Red-eared slider is snapped

Photo: Supplied.

There have been reported sightings and doubters, but now there’s the indisputable evidence.

The Weekend Sun has the pictures of the slippery slider – trachemys scripta elegans – the red-eared terrapin, regarded internationally by conservationists as one of the world’s most invasive species, living in Tauranga’s Carmichael Reserve.

Daniel Partridge, who delivers The Weekend Sun, was drawn to the story headlined ‘When pet becomes pest’.

In that story, local conservationist and author Ann Graeme expressed her outrage at the suggestion that a colony of turtles had settled in Carmichael Reserve. “Gobsmacked,” she said. ”Another pest. Don’t we have enough introduced pests?”

Daniel Partridge was able to confirm her worst fears. He had the proof. He had been walking his grandmother’s dogs in the reserve just before Christmas. “I got a real surprise,” he says. “There was a turtle sunning itself on the bank at the back of the reserve.”
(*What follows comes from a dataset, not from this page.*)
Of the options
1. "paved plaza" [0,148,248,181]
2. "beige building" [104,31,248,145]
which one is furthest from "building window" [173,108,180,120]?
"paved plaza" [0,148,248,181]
It was the red-eared slider. He didn’t think people would believe him either, so he got the evidence and bagged some photos.

“It was obviously an adult,” says Danial. “It was big - nearly as big as a dinner plate.”

Red-eared sliders are so-named because at the slightest hint of danger, any movement or sound, they will slide off their rocks or logs and back into the water. People buy them when they’re small and cute.

“But they don’t realise they live for 50 years and grow larger than a dinner plate,” says Donna Watchman, biosecurity officer for the Bay of Plenty Regional Council. “Once they reach adult size and outgrow both their aquarium and their appeal, owners may think it’s better or easier to release them to the wild.”

The worry is that red-eared sliders are omnivores. They could adversely impact aquatic plants, insects, eels, small fish species and ground nesting birds. There’s also a risk they will spread disease or parasites to native animals and plants.

So could the red-eared slider get a foothold in the reserve, or is it just one rogue operator?

Wally Potts, of Tauranga City Council’s drainage services, says he’s aware of one turtle in Carmichael Reserve and another in the Papamoa waterways but he’s unsure if they can breed in our stormwater ponds.

Donna Watchman says it is believed our climate is too cold for the turtles to reproduce in the wild, and that any turtle found would have either escaped or been released or abandoned.

However, when Ann Graeme visited Carmichael Reserve and the spot where her friend sighted the turtle wandering out of the water and up a bank, they discovered turtle eggs buried in the earth. Eggs may start hatching after about 50 days.

Higher temperatures, like those being experienced in Tauranga, could cause short incubation periods, and the site is being monitored.

The Bay of Plenty Regional Council gets two or three reported sightings of turtles every year. “We will inform those responsible for the waterway,” says Donna. “They will attempt to capture the turtle and rehome it, or the turtle will be euthanised.”

The advice to pet owners is if they are no longer able to care for their red-eared slider, do not release it into the wild. Contact a local pet shop or animal rescue facility, as they might be abler to help rehome the reptile.